The matter came to a head during a parliamentary session when PiS leader Kaczyński linked the release of Cyba with what he called “sadism” regarding suspects allied to PiS. 

The opposition leader asked for a parliamentary debate on the way the Tusk government was treating such suspects and whether this was consistent with democratic norms. 

“What is the relationship between humanitarianism and sadism under the Tusk government?” Kaczyński asked.

“On the one hand, we have a ‘humanitarian decision’ to release a murderer, Ryszard Cyba. On the other we have abuse of women being detained for long periods not being able to care for their children and the death of my colleague Barbara Skrzypek driven by a disgraceful long interrogation even though she was not a suspect,” he said.

He was referring to the fact that a woman who had worked in a senior position for former PiS prime minister Mateusz Morawiecki was being held on suspicion of corruption having had her feet and hands cuffed during the arrest. She was also reportedly being denied the possibility of regular contact with her autistic teenage son who, during the period of her detention, has attempted suicide. 

The former Morawiecki aides’ lawyers have reported that the prosecutors have now moved to take her child into protective custody while the child’s mother continued to be detained and questioned about her alleged role in soliciting bribes.

According to Tusk’s attorney and MP Roman Giertych, that situation could “end at once if she had the sense to co-operate and turn state witness revealing who she had taken bribes for”.  

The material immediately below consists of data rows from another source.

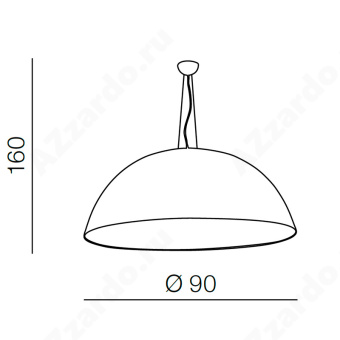 Подвесная люстра Azzardo Magma 90 new AZ1402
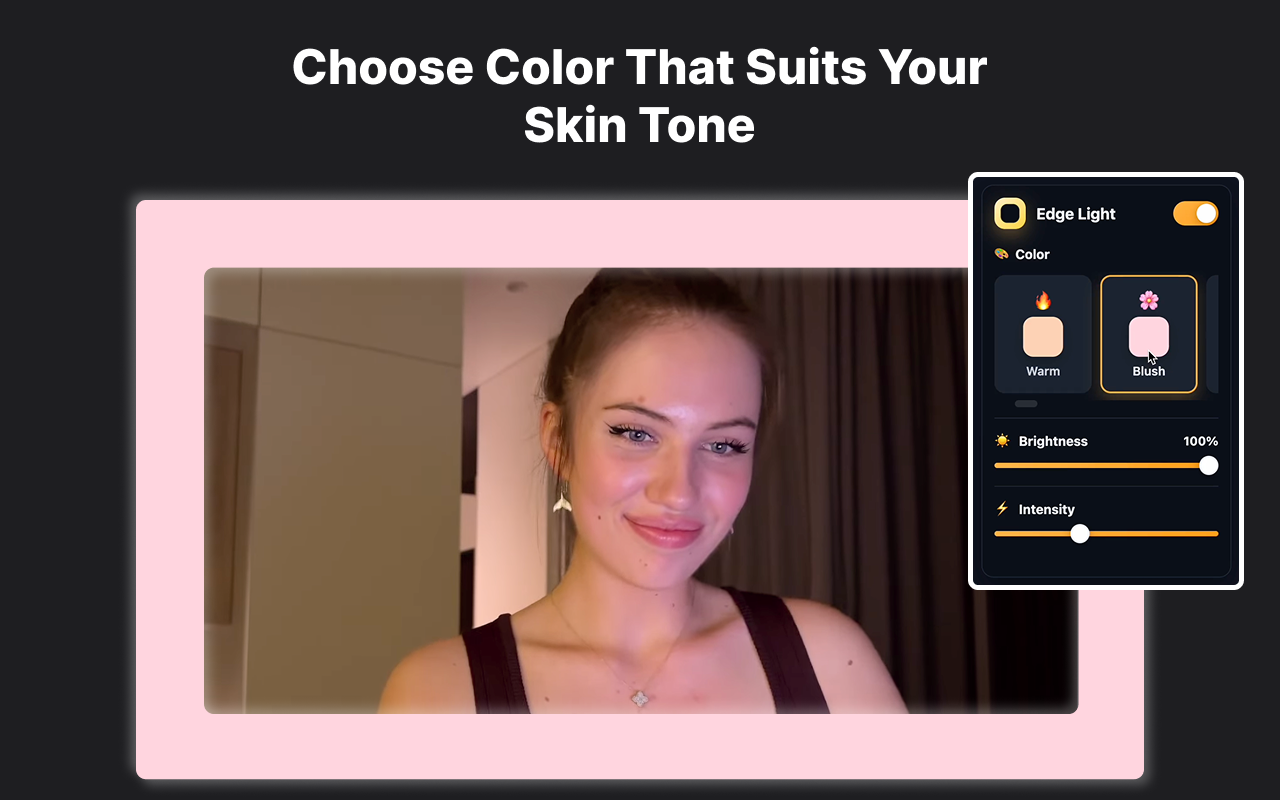 Edge light for video calls - 截图 3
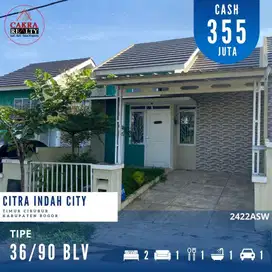 Dijual rumah diCitra Indah City rumah siap huni posisi diboulevard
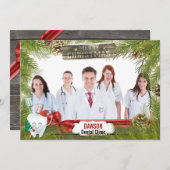 松素朴歯科フォトビジネス挨拶 シーズンカード (正面/裏面)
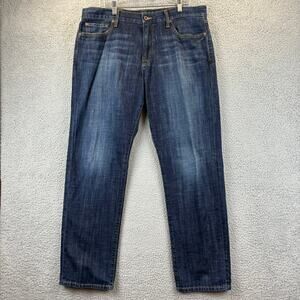 Lucky Brand Mens 363 Vintage Straight Jean 38x32 Blue Denim Yellowstone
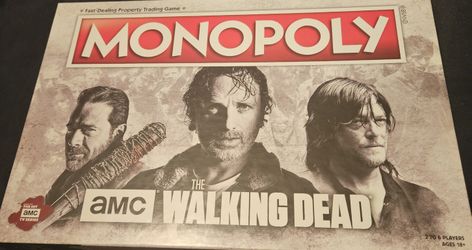 The Walking Dead Monopoly 
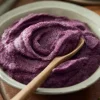 Purée carotte violette,carotte jaune, lait de coco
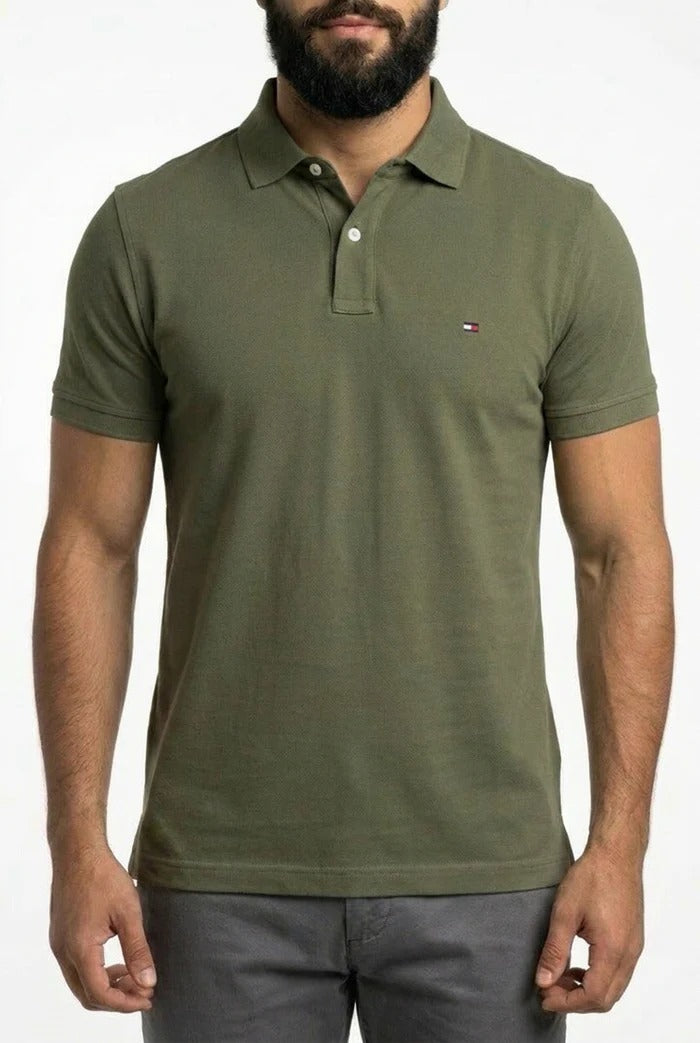 Camisa Gola Polo TH Masculina Coupe Sur Ivy - Verde Musgo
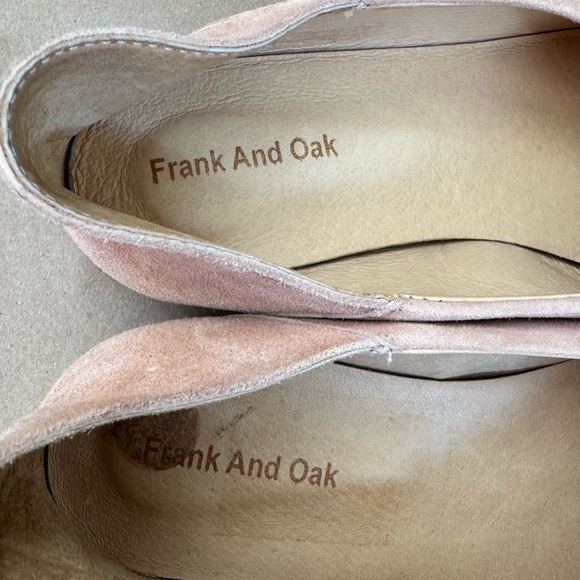 Frank and Oak Blush Pinky Peach Suede Minimalist Flats. Size US7/EU37.5 - Picture 8 of 8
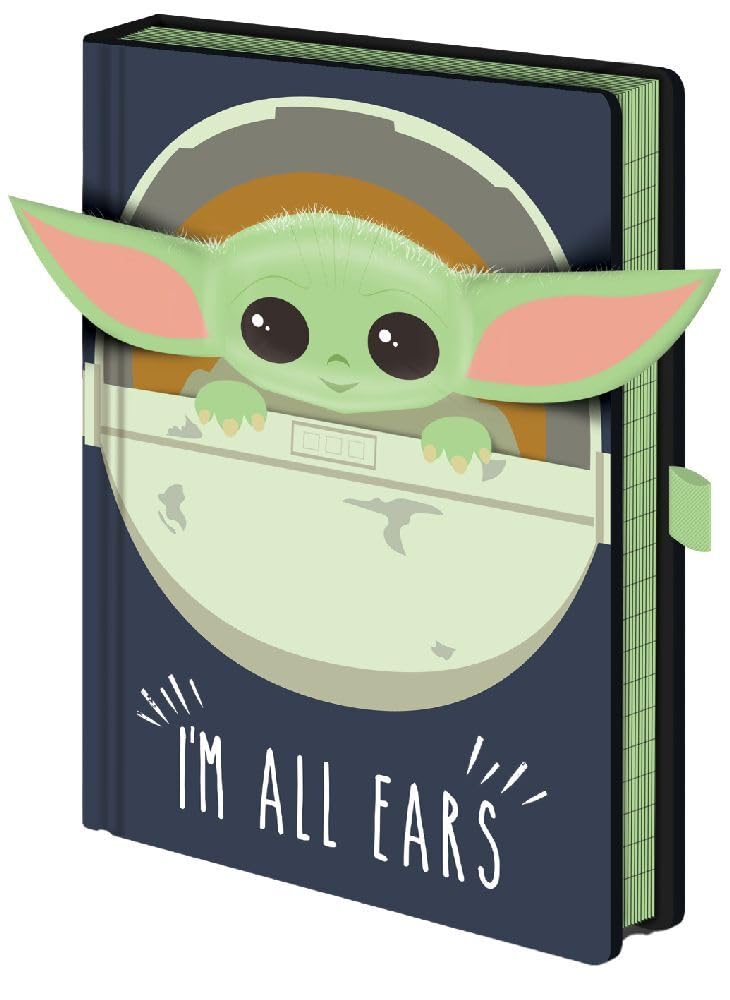 Star Wars: The Mandalorian A5 Notebook (I'm All Ears Hover Pod Design) - Official Merchandise - Image 1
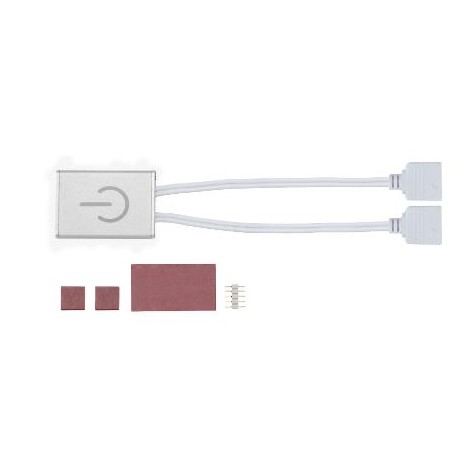 Commutateur tactile MaxLED - max.60W - Argent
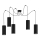 Chandelier on a string ZIK 5xE27/40W/230V spider black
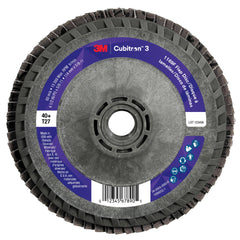 3M Cubitron 7100380178 3 Flap Disc 1169F, 40+, T27-Flat Quick Change, 4-1/2 in x 5/8 in-11, 10 ea/Case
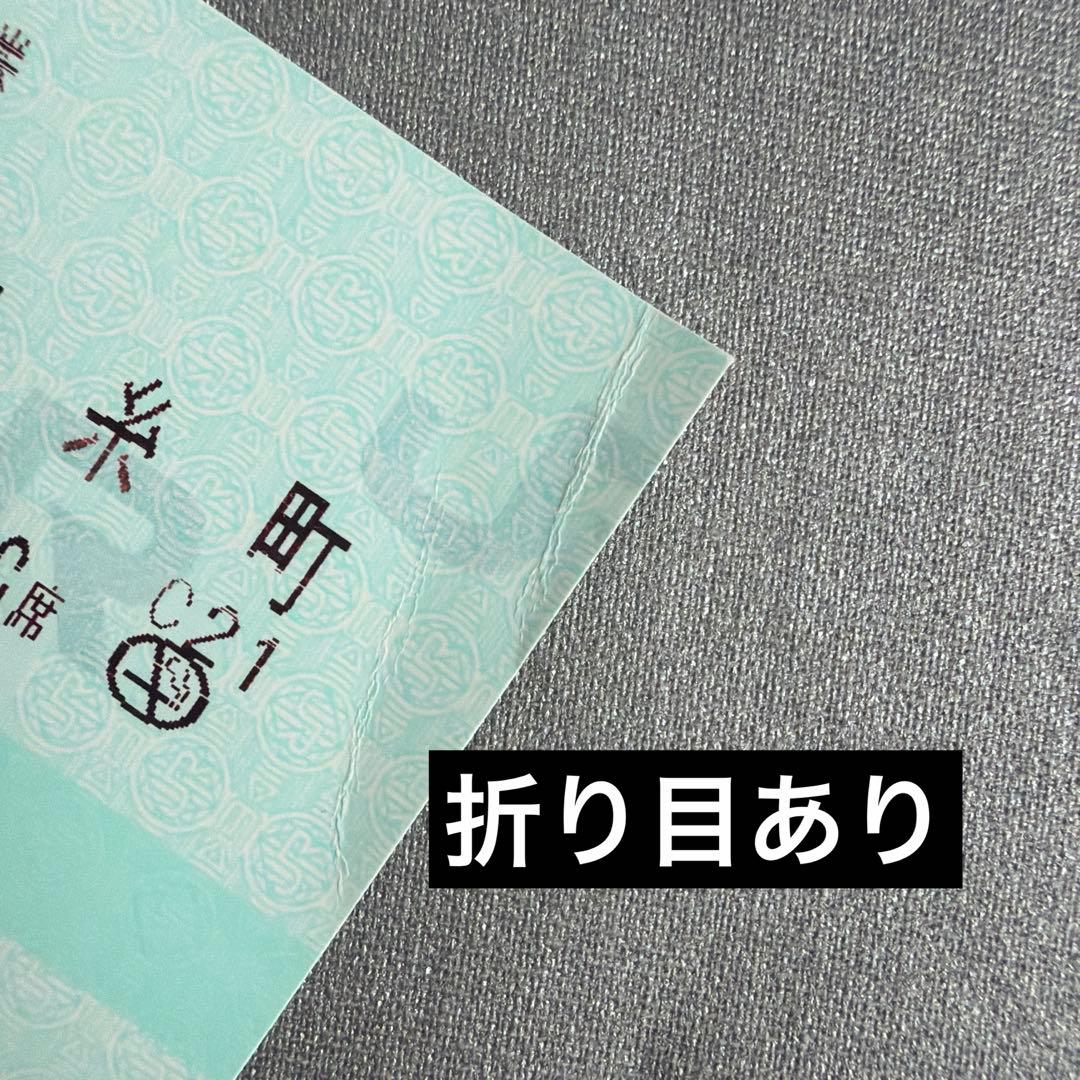 【使用済みマルス券】JR東日本の特急しおさい50号×2枚セット（折り目あり） — image 3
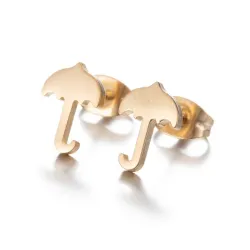 Small umbrella earrings - stainless steelEarrings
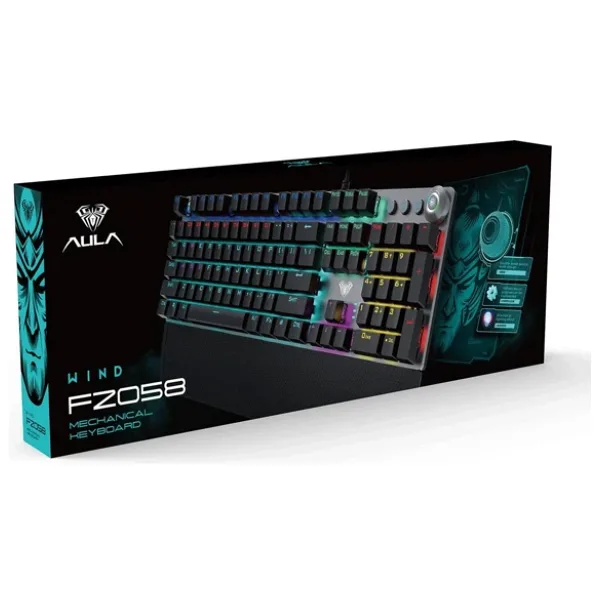 Aula F2058 RGB Blue Switch Kablolu Mekanik Oyuncu klavyesi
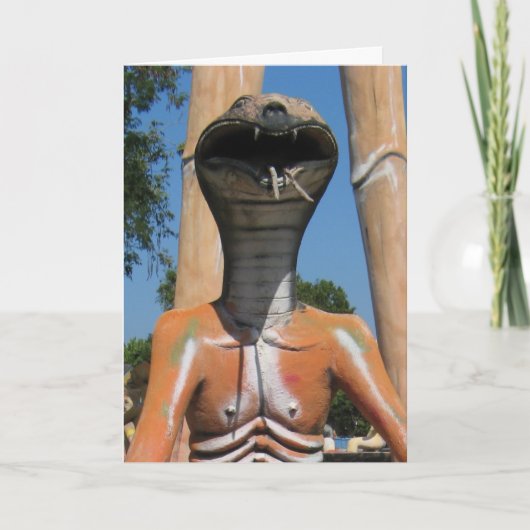 スネーク·アカ·コブラ·ヘッドさん……仏教地獄 カード (正面)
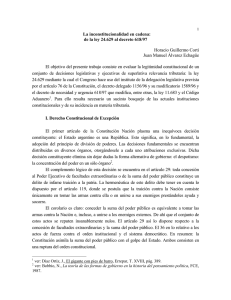 "La inconstitucionalidad en cadena: de la ley 24.629 al decreto 618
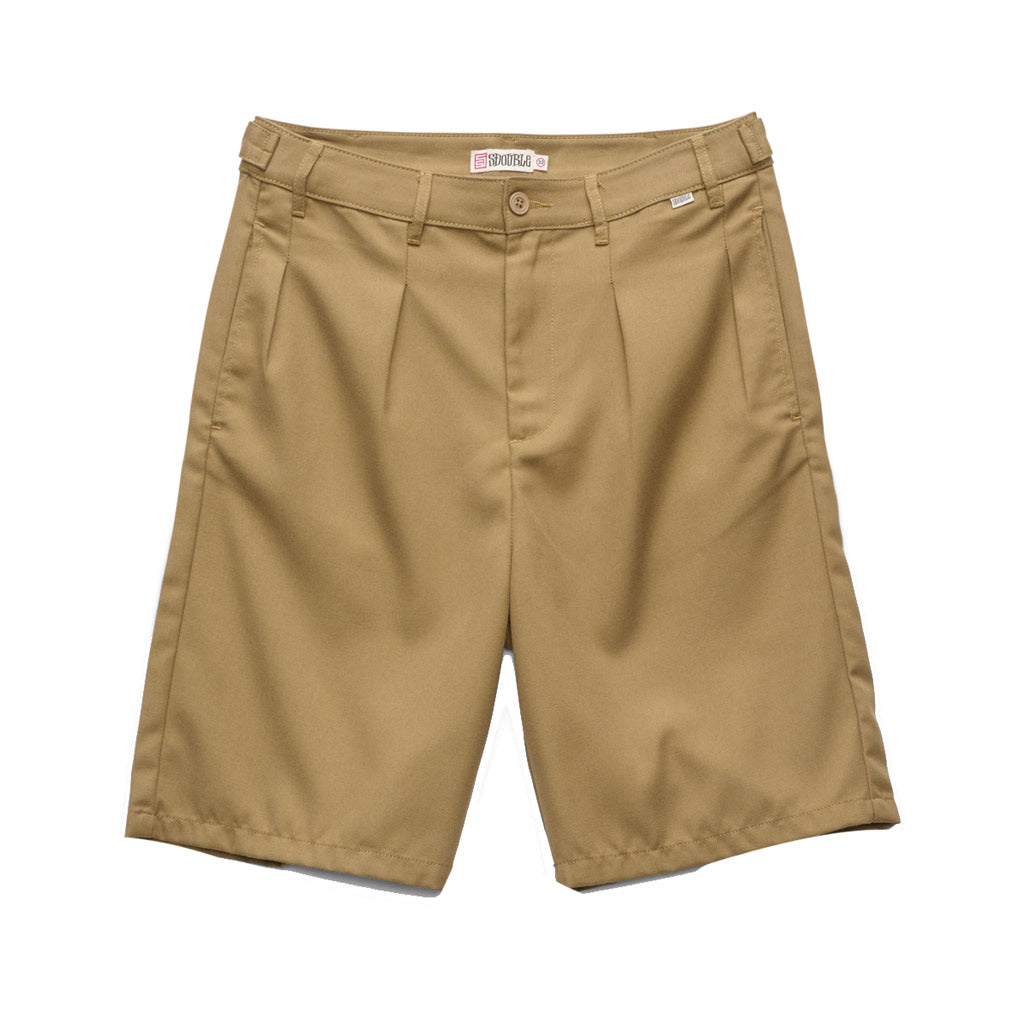 S/Double Gentleman Walkshort - Khaki.  100% Cotton Poplin. Shop S/Double clothing online with Pavement Skate Store! Free Aotearoa NZ shipping over $100*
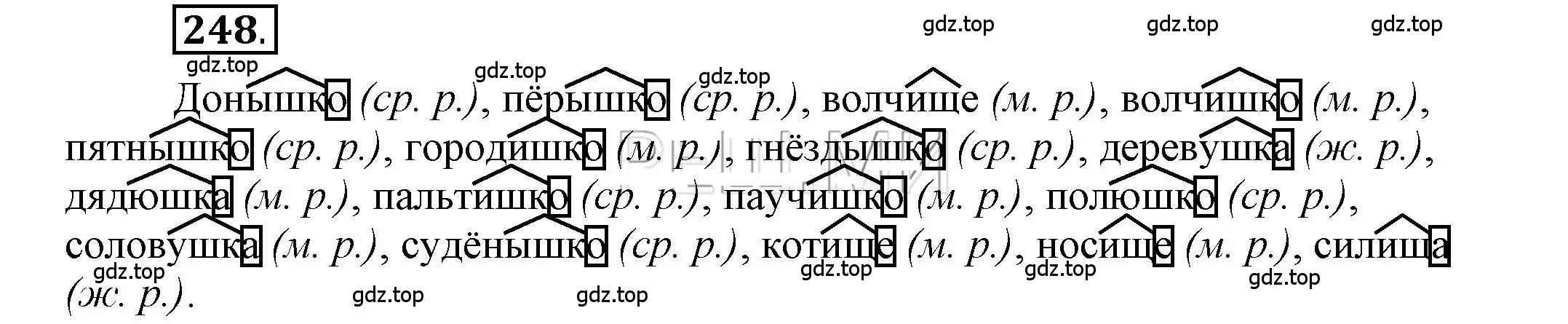 Решение 2. номер 248 (страница 195) гдз по русскому языку 6 класс Быстрова, Кибирева, учебник 1 часть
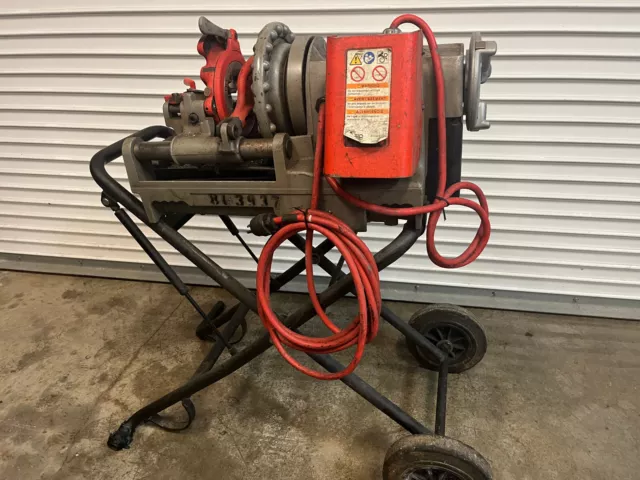 Ridgid 300 Compact Pipe Threader Self-Oiler 1/2”-2” With Cart/Stand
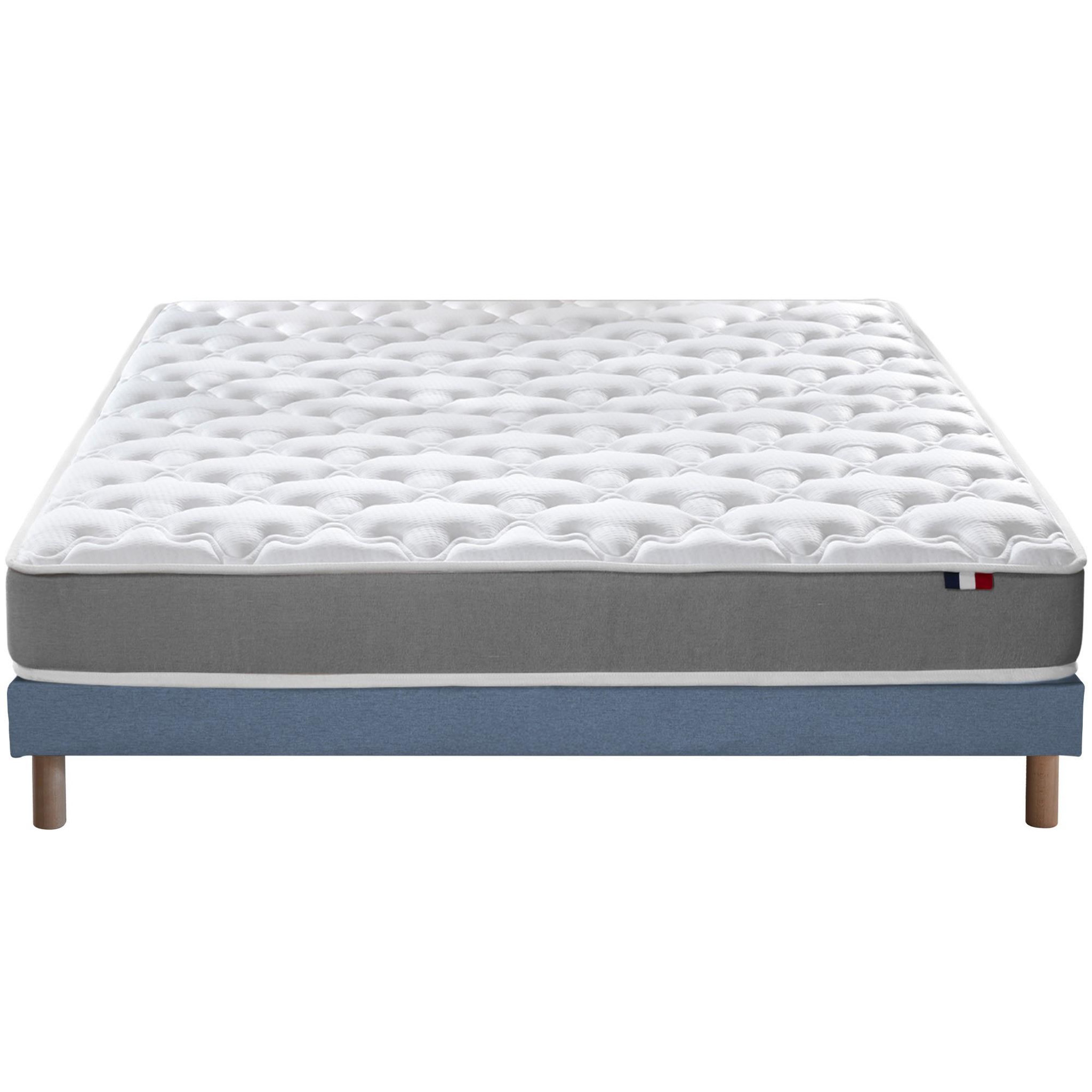 Voir la diapositive 1 : IDLITERIE Ensemble matelas mousse ferme réversible ALTO et sommier - confort français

Elsewhere, Barbara Skrzypek, a close aide of Kaczyński, was questioned for several hours about what she knew about her boss’s role in the alleged solicitation of bribes from an Austrian developer. 

Skrzypek had reportedly asked for the presence of an attorney because she was in poor health but that was denied by the public prosecutor, while lawyers representing the accuser were present.

She died of a heart attack two days after her interrogation.